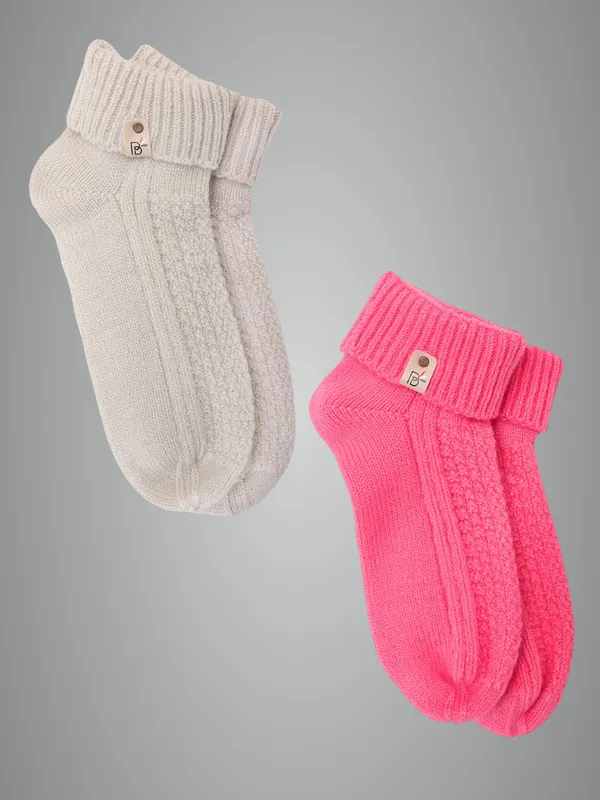 White_&_Pink_Woolen_Socks_For_Women_(Pack_Of_2)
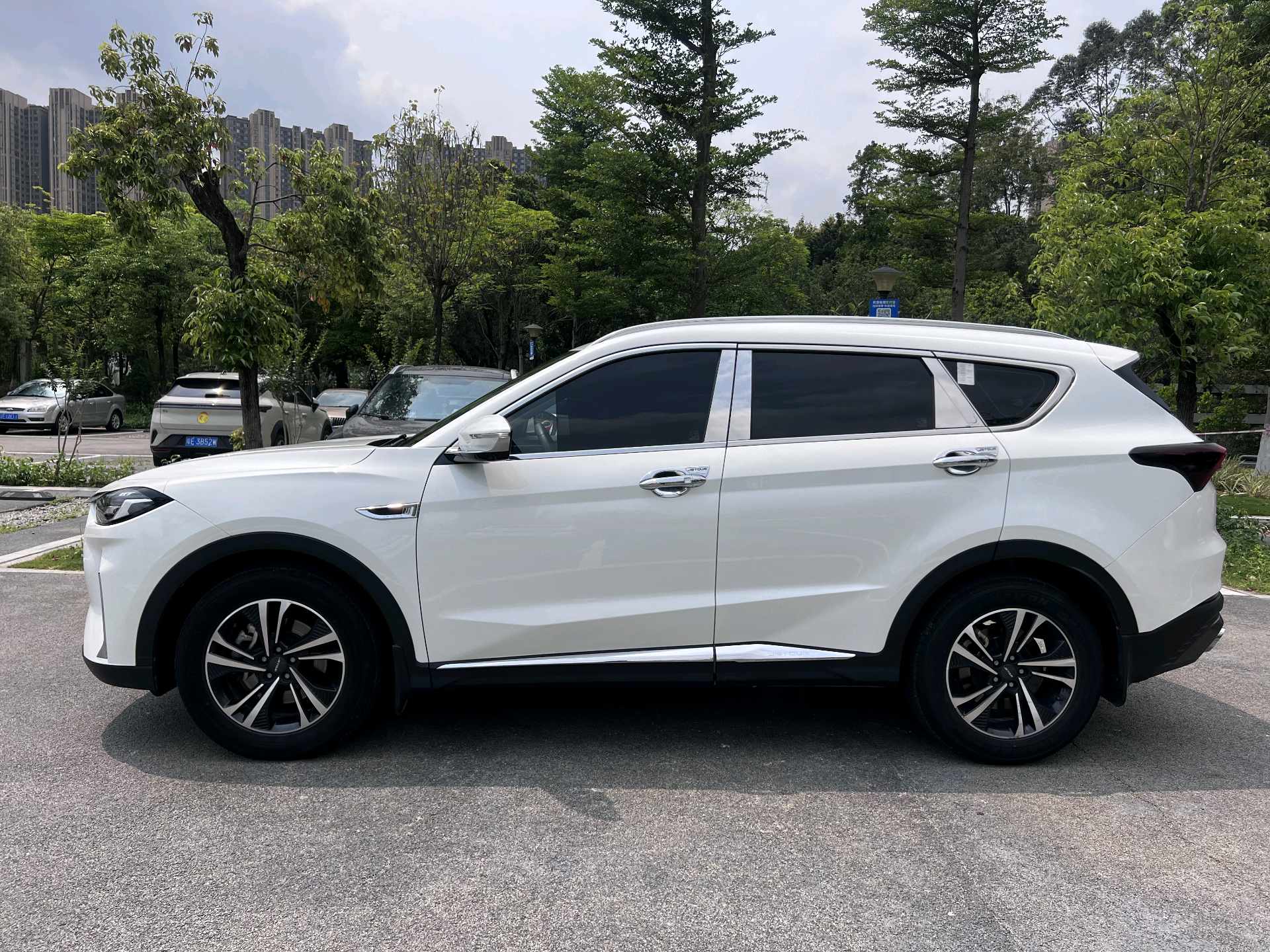 JETOUR 2021 X70 PLUS 1.5T Mountain 5-Seater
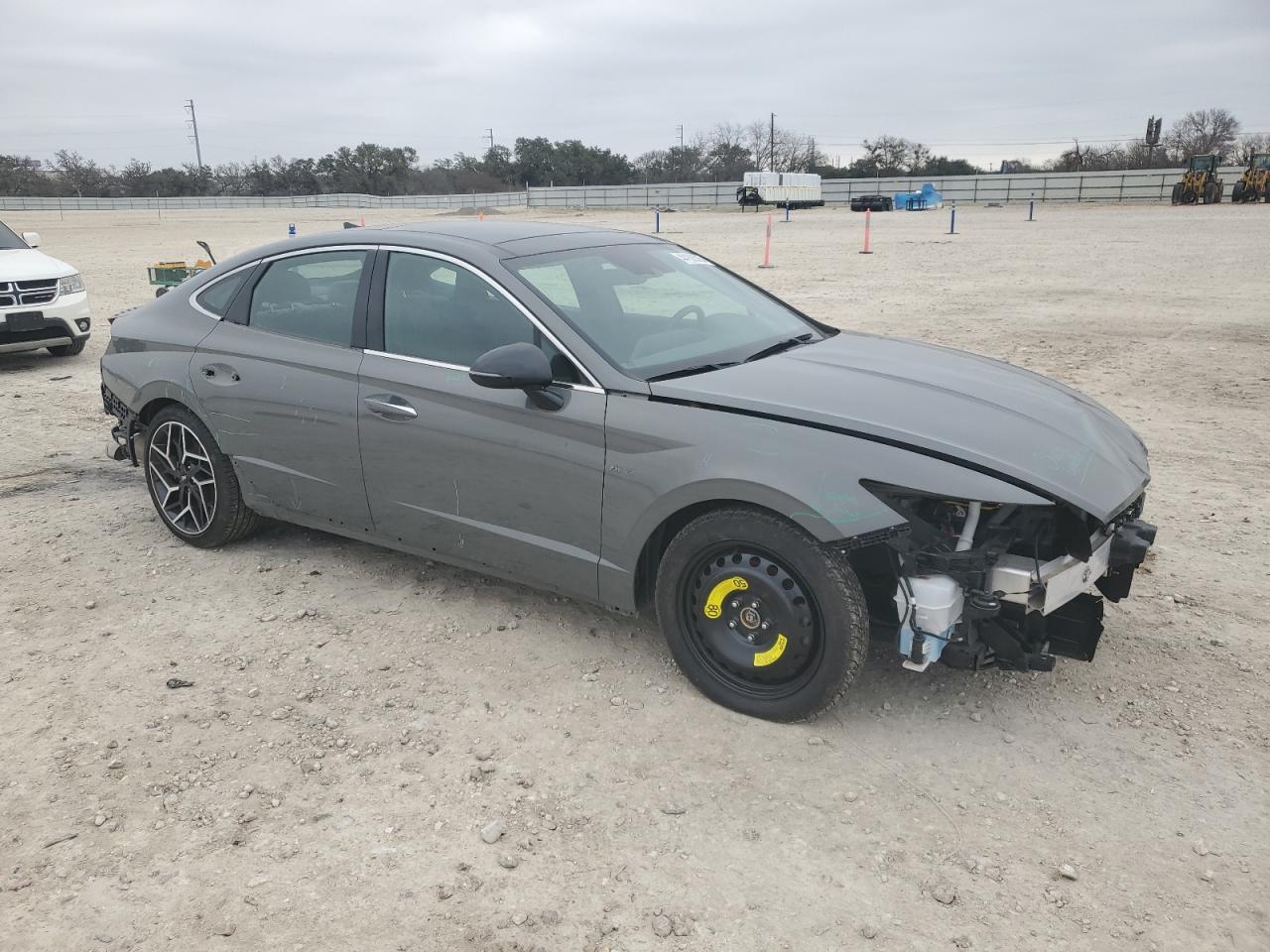 2022 Hyundai Sonata - Image 4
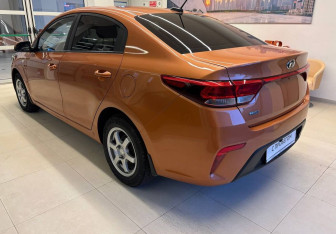 Подержанный автомобиль Kia Rio Sedan 2017 года (6 фото)
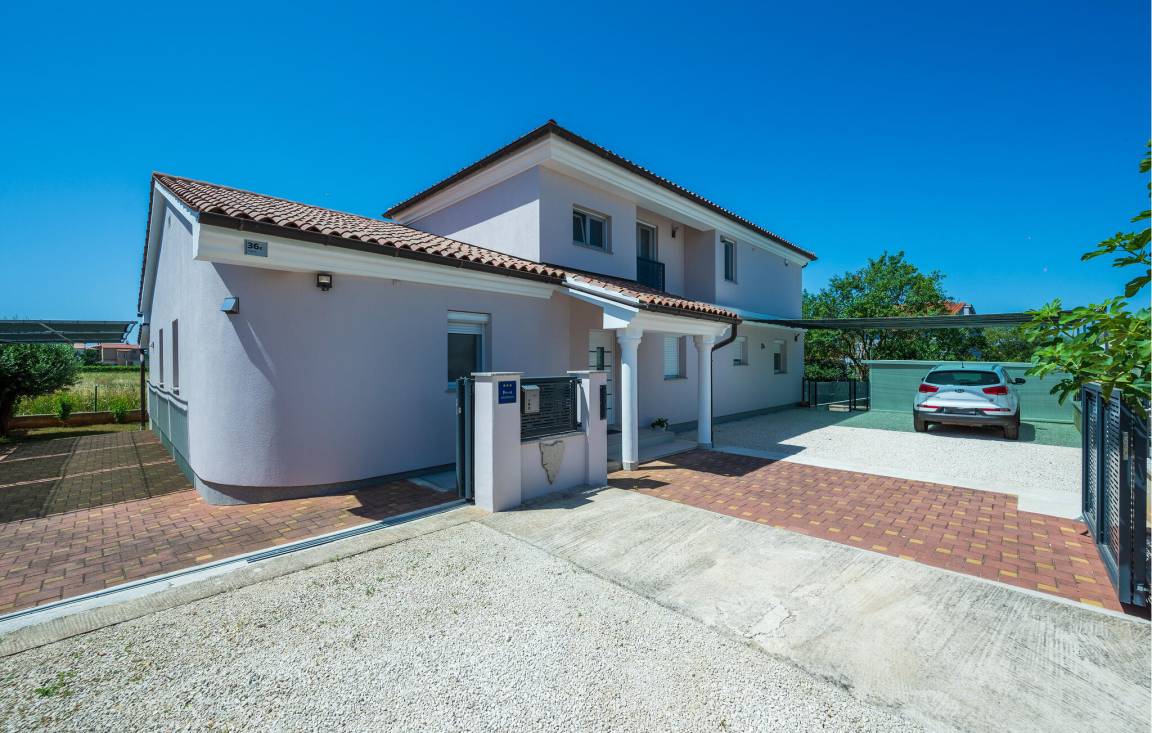 55 M² Apartment ∙ 2 Bedrooms ∙ 4 Guests - Pula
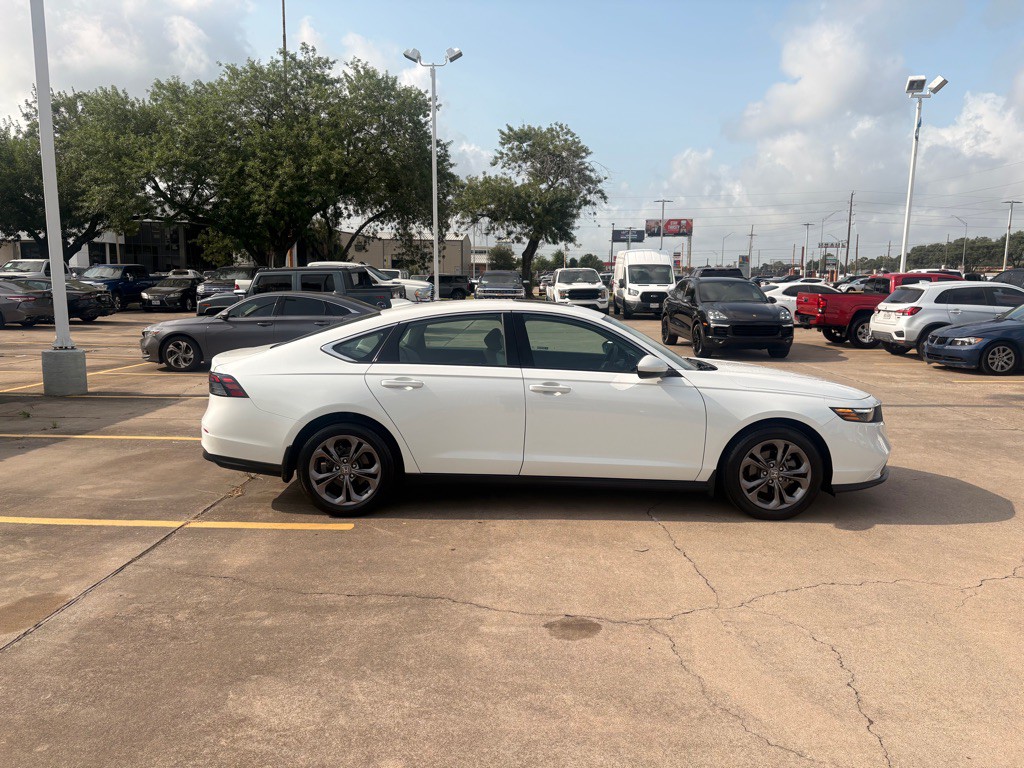 2024 Honda Accord Image 10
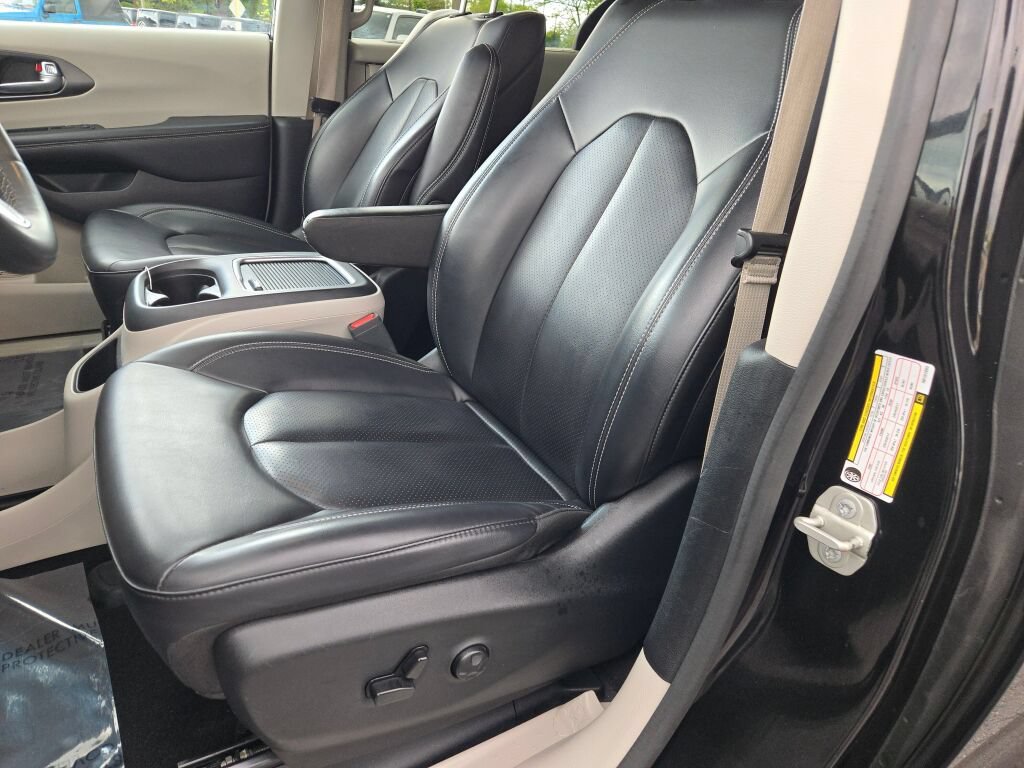 Certified 2024 Chrysler Pacifica Touring-L FWD image 26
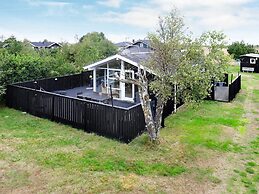 6 Person Holiday Home in Frederikshavn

What needs to be done => Exactly the lines from the line with "Подержанный автомобиль Kia" through the end of the data are to be reproduced, and no picture is to be included.

Completed task =>
 Подержанный автомобиль Kia Rio Sedan 2017 года (6 фото)
 55 M² Apartment ∙ 2 Bedrooms ∙ 4 Guests - Pula
 2024 Honda Accord Image 10
 Certified 2024 Chrysler Pacifica Touring-L FWD image 26
 6 Person Holiday Home in Frederikshavn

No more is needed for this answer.